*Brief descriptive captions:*

+++++

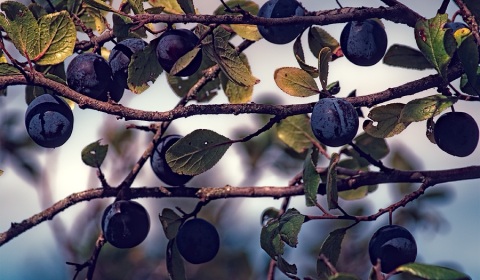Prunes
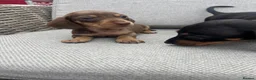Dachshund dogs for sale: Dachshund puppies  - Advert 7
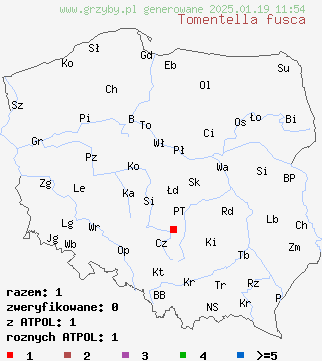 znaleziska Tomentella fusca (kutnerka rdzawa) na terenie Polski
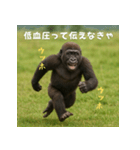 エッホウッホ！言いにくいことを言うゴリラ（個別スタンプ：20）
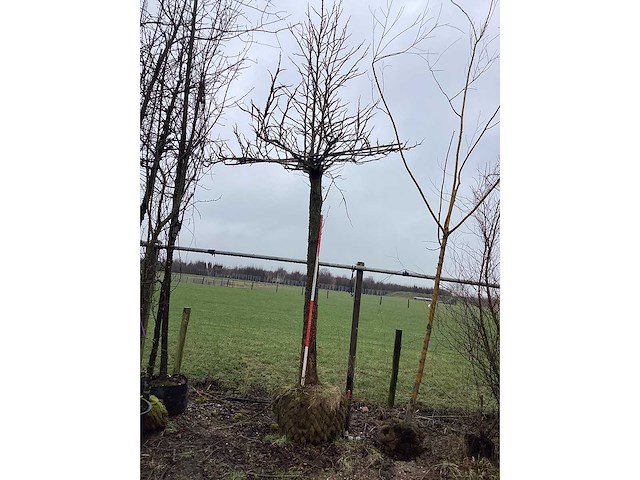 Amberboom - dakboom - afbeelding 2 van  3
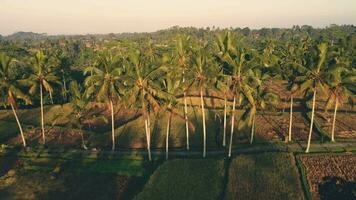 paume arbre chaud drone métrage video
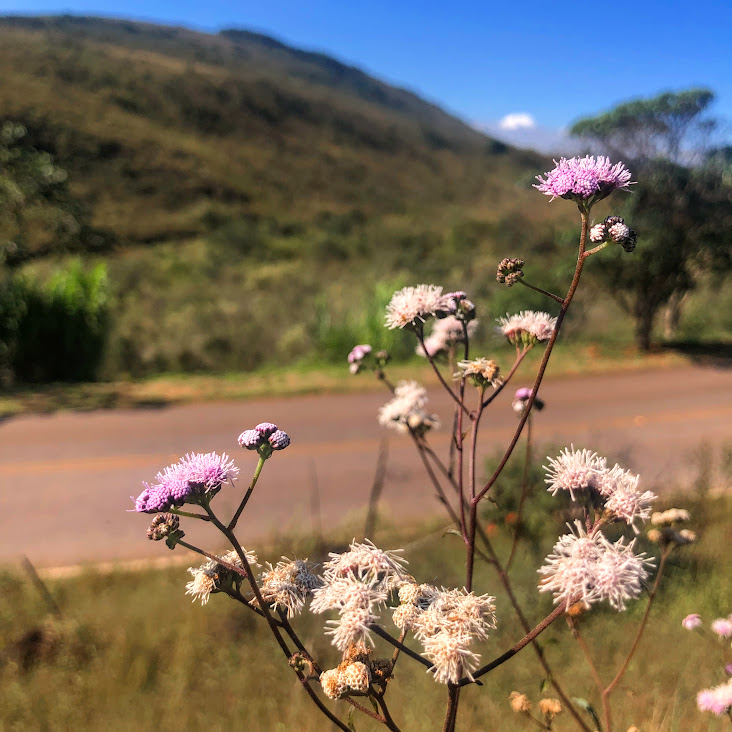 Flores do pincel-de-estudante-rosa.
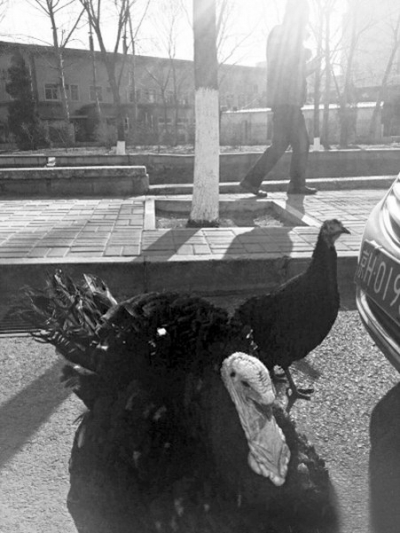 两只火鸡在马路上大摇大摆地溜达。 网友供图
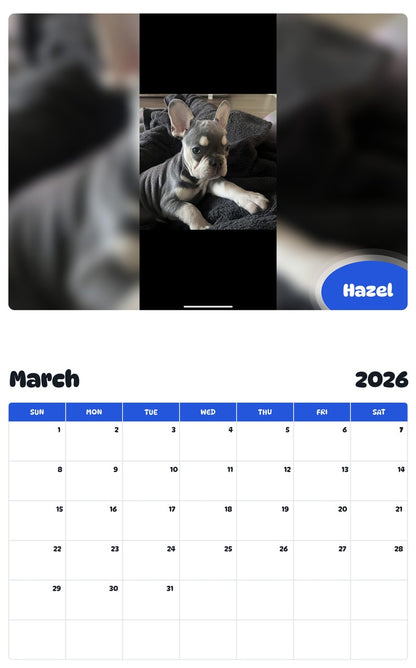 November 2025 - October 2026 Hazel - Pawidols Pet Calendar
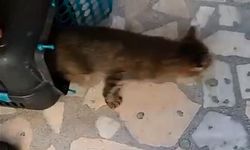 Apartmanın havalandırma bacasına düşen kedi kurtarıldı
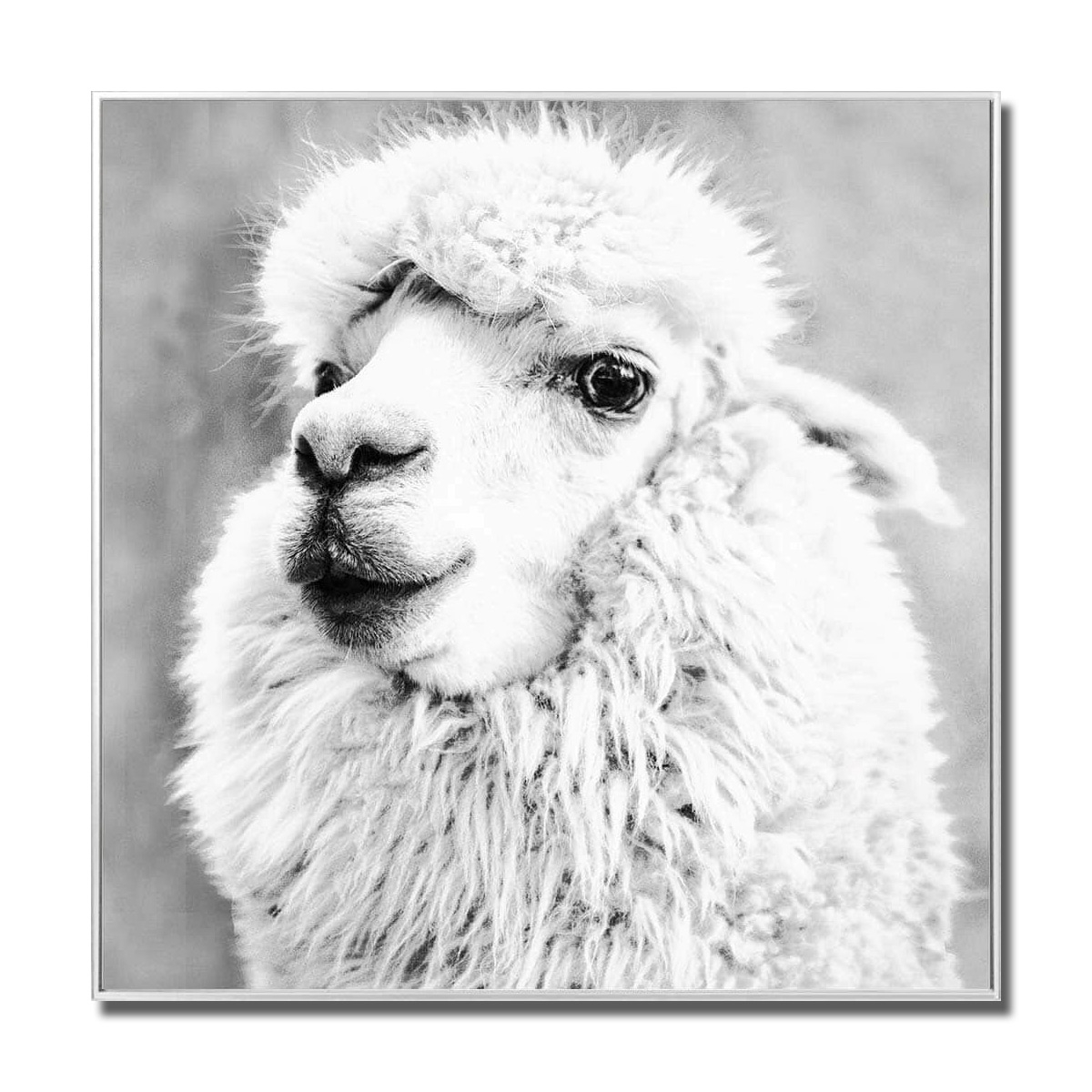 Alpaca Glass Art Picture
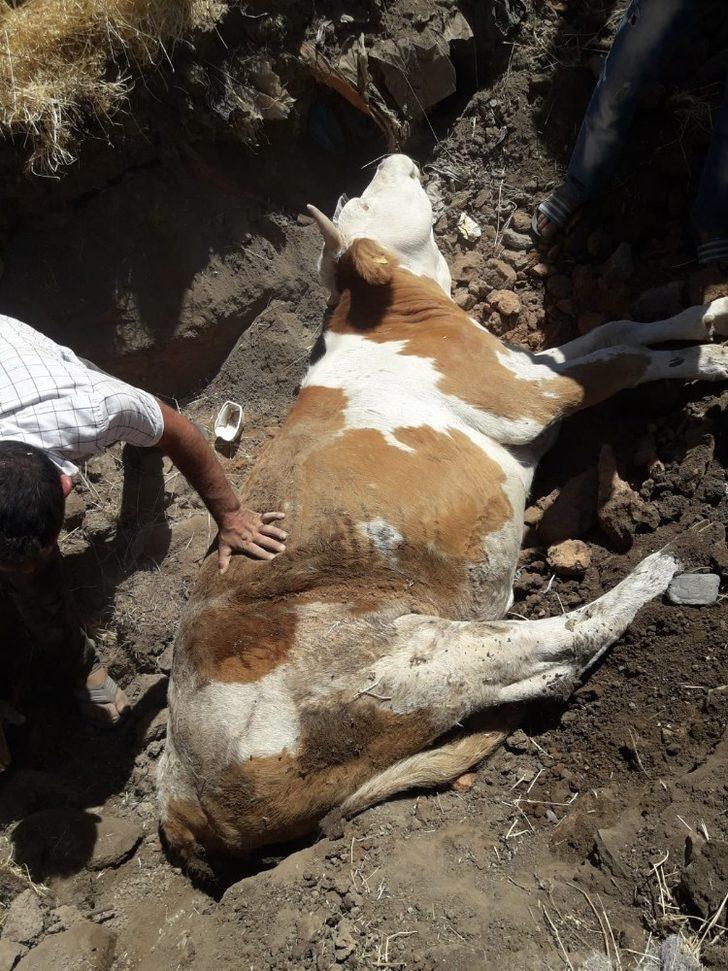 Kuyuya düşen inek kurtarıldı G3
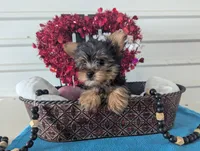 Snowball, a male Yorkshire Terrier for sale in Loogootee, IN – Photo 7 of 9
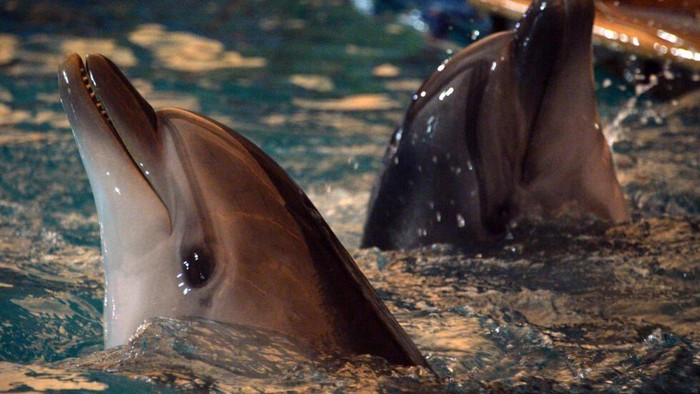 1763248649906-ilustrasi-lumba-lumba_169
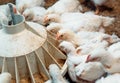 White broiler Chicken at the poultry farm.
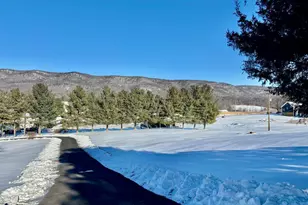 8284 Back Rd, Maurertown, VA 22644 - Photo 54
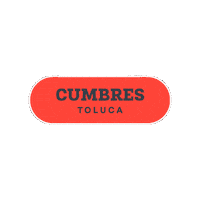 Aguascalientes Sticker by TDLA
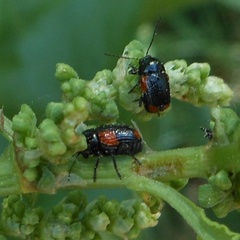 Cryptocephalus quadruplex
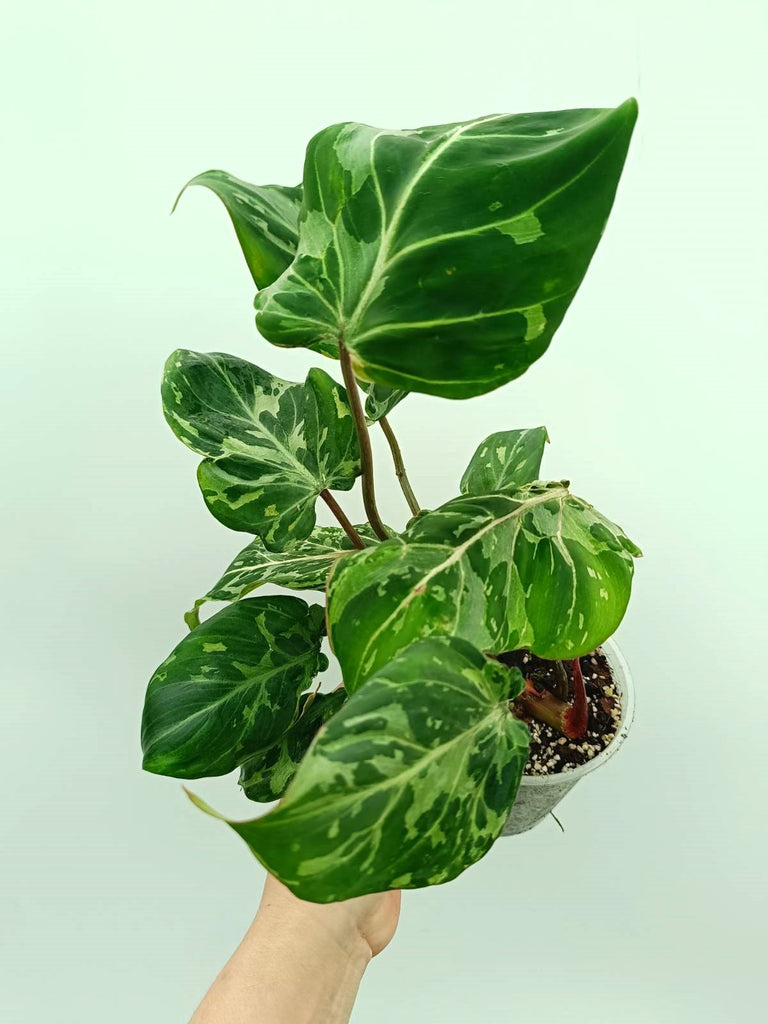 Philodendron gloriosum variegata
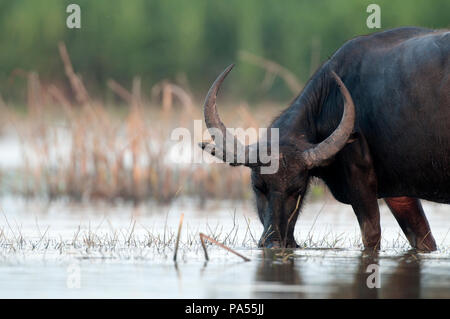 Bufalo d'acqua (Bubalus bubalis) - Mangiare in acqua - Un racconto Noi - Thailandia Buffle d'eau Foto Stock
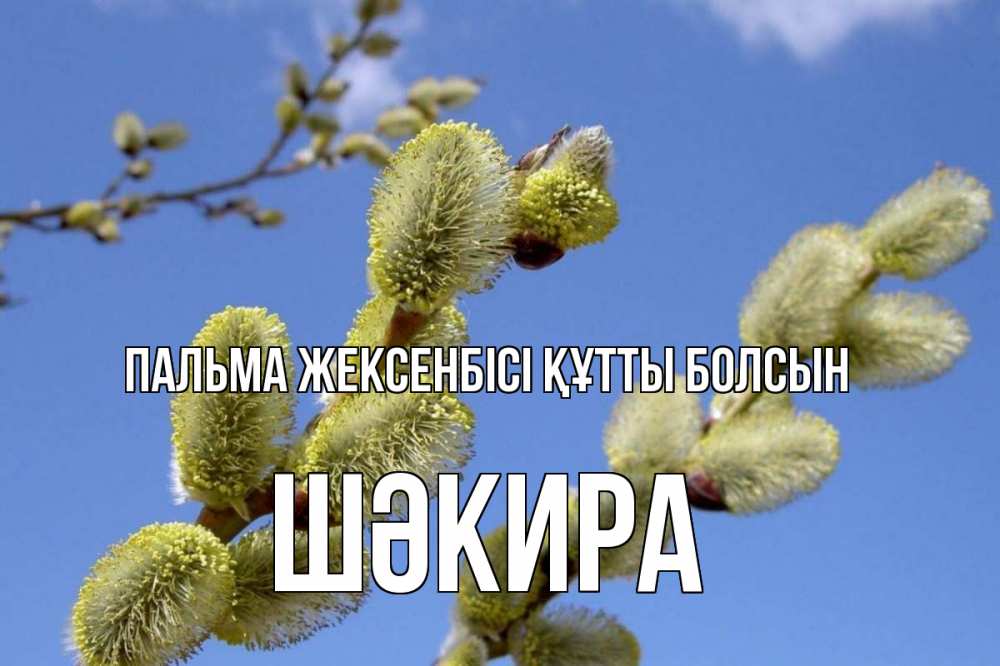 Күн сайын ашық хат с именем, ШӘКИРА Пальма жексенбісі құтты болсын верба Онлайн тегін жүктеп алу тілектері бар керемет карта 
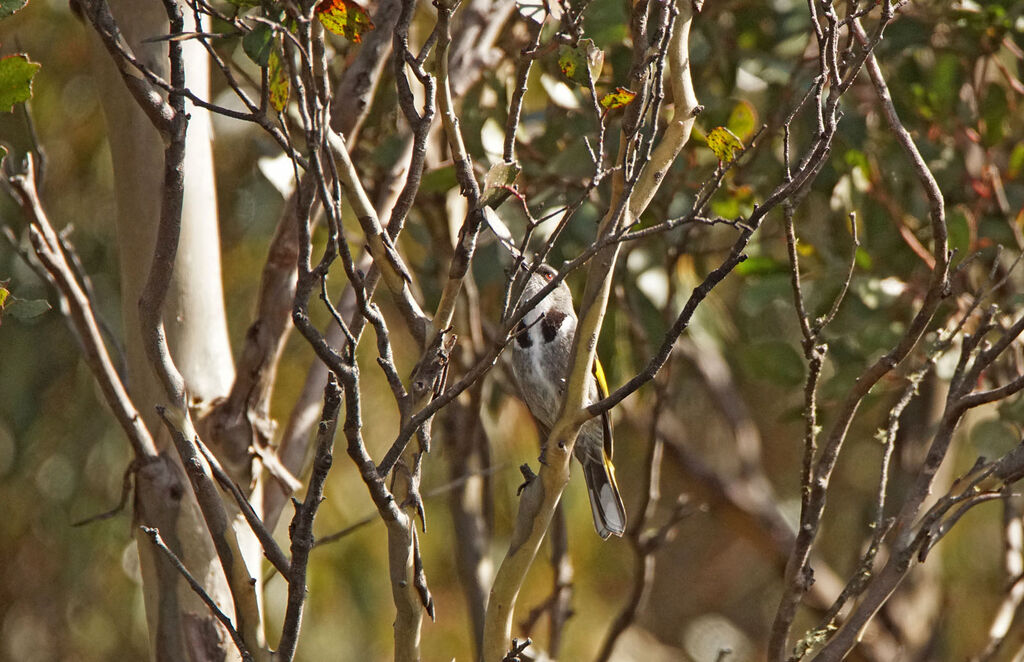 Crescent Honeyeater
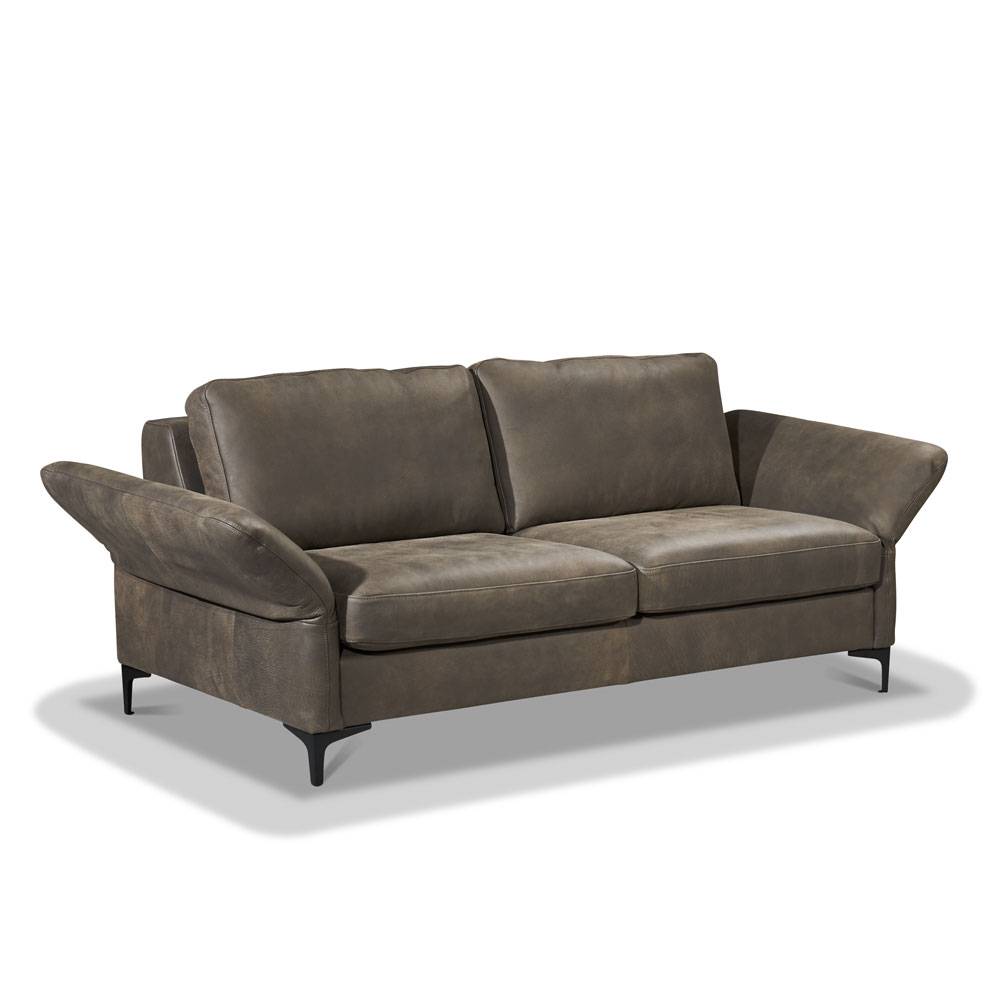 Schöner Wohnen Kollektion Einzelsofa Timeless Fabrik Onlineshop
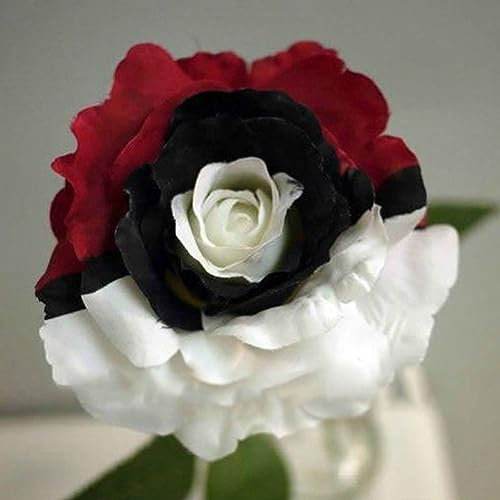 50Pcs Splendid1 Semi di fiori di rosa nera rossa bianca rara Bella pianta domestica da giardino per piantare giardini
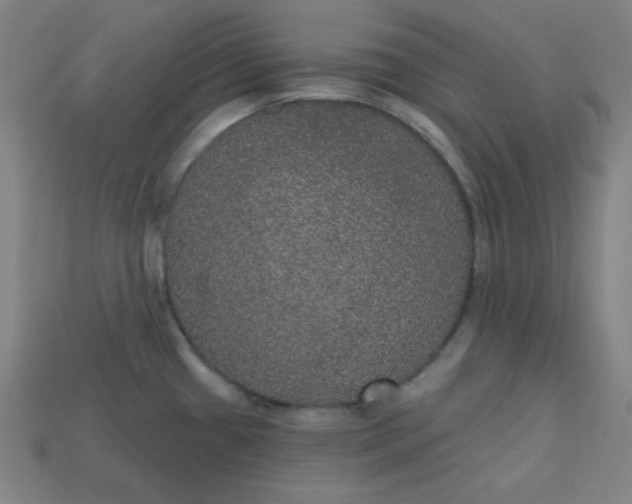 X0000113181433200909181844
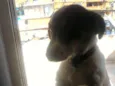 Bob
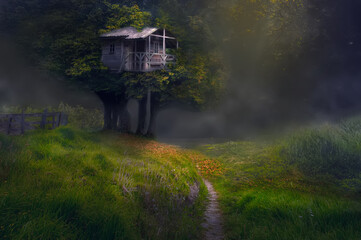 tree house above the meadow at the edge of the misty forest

+++++

*Problem to work on:*
The range to set down runs from the line containing "エッホウッホ！言いにくいことを言うゴリラ（個別スタンプ：20）" through the final line of the data, both ends included; give it exactly and drop the pictures.

*Solution to this problem:*
 エッホウッホ！言いにくいことを言うゴリラ（個別スタンプ：20）
 Amberboom - dakboom - afbeelding 2 van  3
 paume arbre chaud drone métrage video
 Flores do pincel-de-estudante-rosa.
 两只火鸡在马路上大摇大摆地溜达。 网友供图
 November 2025 - October 2026 Hazel - Pawidols Pet Calendar
 Apartmanın havalandırma bacasına düşen kedi kurtarıldı
 Alpaca Glass Art Picture
 Kuyuya düşen inek kurtarıldı G3
 Snowball, a male Yorkshire Terrier for sale in Loogootee, IN – Photo 7 of 9
 1763248649906-ilustrasi-lumba-lumba_169
 White broiler Chicken at the poultry farm.
 8284 Back Rd, Maurertown, VA 22644 - Photo 54
 Aguascalientes Sticker by TDLA
 Cryptocephalus quadruplex
 Philodendron gloriosum variegata
 Bufalo d'acqua (Bubalus bubalis) - Mangiare in acqua - Un racconto Noi - Thailandia Buffle d'eau Foto Stock
 Күн сайын ашық хат с именем, ШӘКИРА Пальма жексенбісі құтты болсын верба Онлайн тегін жүктеп алу тілектері бар керемет карта 
 Crescent Honeyeater
 Schöner Wohnen Kollektion Einzelsofa Timeless Fabrik Onlineshop
 50Pcs Splendid1 Semi di fiori di rosa nera rossa bianca rara Bella pianta domestica da giardino per piantare giardini
 X0000113181433200909181844
 Bob
 tree house above the meadow at the edge of the misty forest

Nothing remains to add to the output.